To solve this problem, the new technique enables developers to improve fluorescence sensitivity by placing the thin elastomeric film with integrated metal nanostructures on top of the plate.
"That leads to a large enhancement of fluorescence," Singamaneni said. "The most important thing here is that we are not asking people to change what they are doing."
He and his colleagues have launched a company, Auragent Bioscience, which has licensed the technology from Washington University, and it is working to scale up the proof of concept and start commercialization.
Their first product will be optimized for use with protein microarrays, and it should be available within nine months for research use. "We want to sell the first product for research use and convince the research community that it is a convenient and easy tool," he said. When that has been accomplished, the group anticipates developing products that can be applied in clinical diagnostics, but that could take at least three years to accomplish and require regulatory approvals.
"This plastic film doesn't care about what's underneath it," Singamaneni said. "It can be a DNA, RNA, or protein microarray, for example. If there is fluorescence and your nanoparticles are properly designed, you'll see 100-times enhancement."
In addition to scaling up their existing proof of concept, the researchers are looking into testing applications other than microtiter plates and microarrays, including flow cytometry and Western blotting.
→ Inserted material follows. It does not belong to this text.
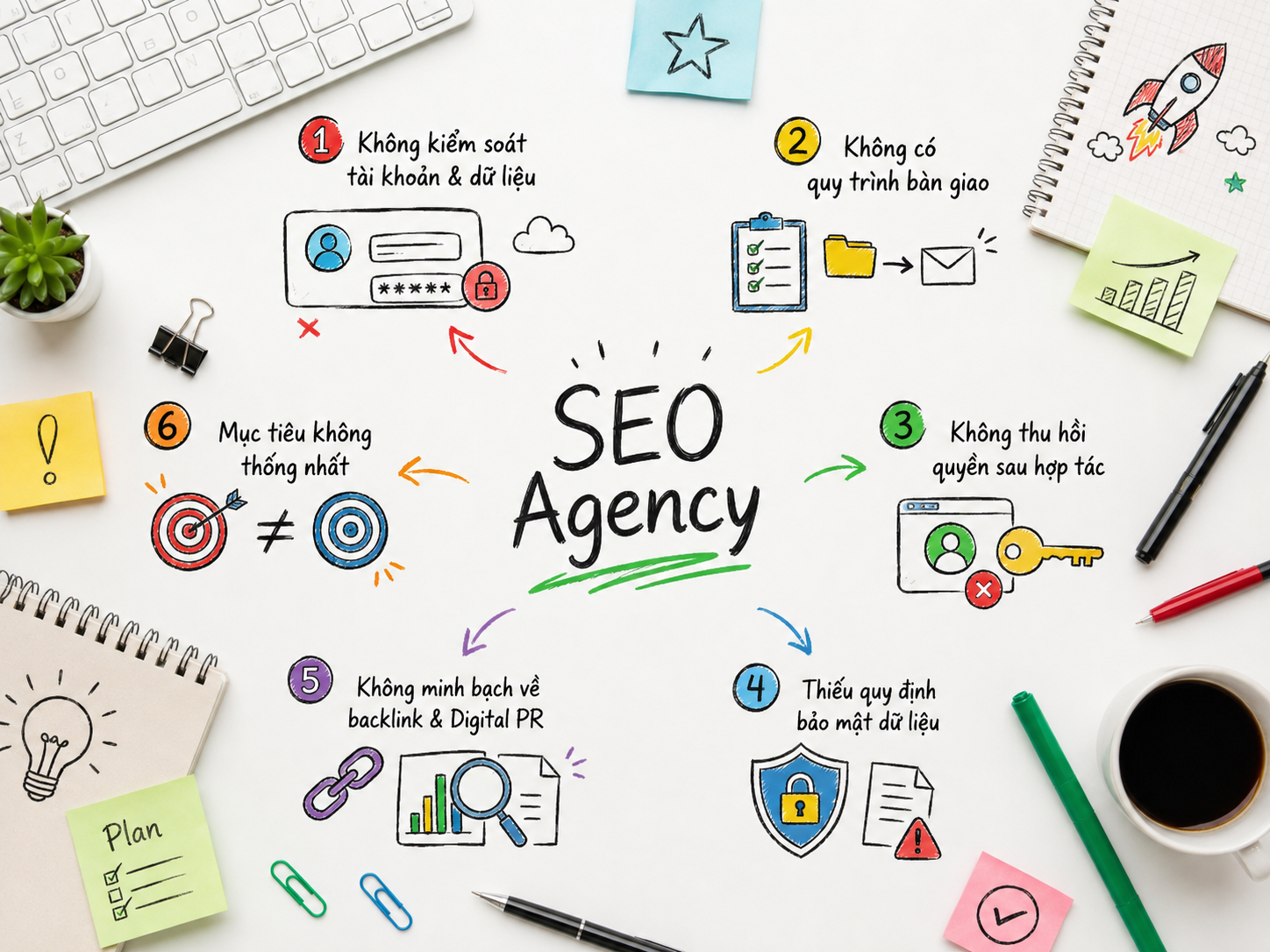 In-house SEO Hay Thuê Agency? So Sánh Chi Phí, Nhân Sự Và Rủi Ro 11 Sáu rủi ro khi thuê Agency SEO liên quan đến tài khoản, bàn giao, dữ liệu, backlink và mục tiêu triển khai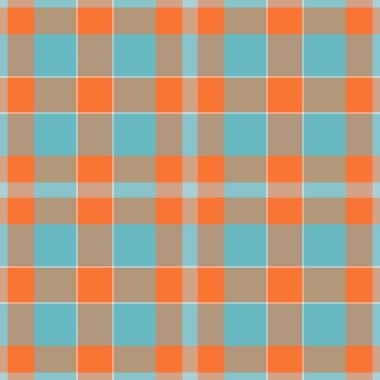 Canlı deniz mavisi, turuncu ve ekose desenli. Tekstil tasarımı, web sitesi geçmişi ya da el işi projeleri için mükemmel. Bu neşeli, geometrik tasarım sıcaklığı ve tarzı çağrıştırıyor..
In applying the plastic film, some processing of the polymer is required, "but nothing too difficult," and that lends to the technology's scalability, Singamaneni said. The “ready-to-use” technique can be integrated with current biomedical research and clinical infrastructure to generate immediate results and impact, the researchers said.
Cunningham noted that the patches can be "reproducibly and uniformly fabricated over large surface areas, cut to any desired size, and easily manipulated to place on glass slides, into the wells of microplates, or any other assay surface." The publication further describes how metal nanoparticles can be passivated with very thin dielectric thin films to prevent metal quenching of fluorophores. "It represents a simple, inexpensive, and robust way to improve the detection limits of broad classes of assays," Cunningham added.